Lettre
de João da Silveira au roi D. João III Poissy,25 avril 1523 Archives Nationales
Torre do Tombo Lisbonne Corpo Chronologico Parte I maço 29 doc. 54 Maître Jean
Verazano, qui va à la découverte du Cathay, n'est pas encore parti au moment
où j'écris cette lettre, selon les nouvelles que j'en ai. Et c'est aussi bien
par manque de temps favorable qu'à cause de quelque mésentente qu'on me dit
exister entre lui et les gens qu'il emmène; et s'il en est bien comme je l'ai
écrit dans les autres lettres à Votre Altesse, je ne présume pas que cela soit
certain, mais je ne laisse pourtant pas de le présumer jusqu'à ce qu'ils partent.

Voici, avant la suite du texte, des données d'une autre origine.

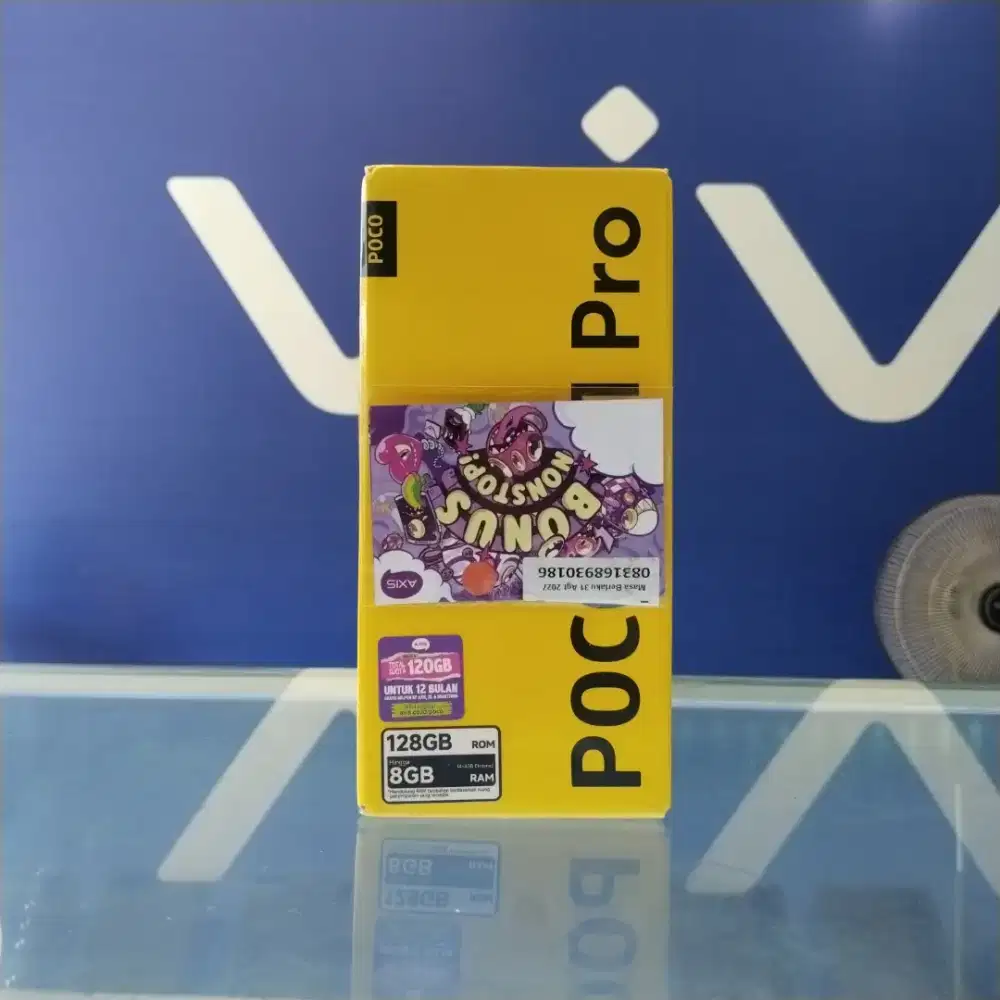 Poco C81 pro 4/128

Le docteur maître Diogo de gouveia se rend maintenant à Rouen où il en saura
tout ce qu'on peut savoir de plus sûr, et il l'écrira longuement à Votre Altesse,
selon ce que je lui ai recommandé. Que Notre-Seigneur fasse bénéficier la vie
et l'Etat royal de Votre Altesse de jours prospères et longs. De Poissy, le
XXV avril de 1523 Je baise les mains royales de Votre Altesse João da Silveira.

Dans
cette deuxième lettre de da Silveira, nous apprenons que Verrazane n'est pas
encore parti le 25 avril 1523 et qu'une mésentente existe entre lui et son équipage.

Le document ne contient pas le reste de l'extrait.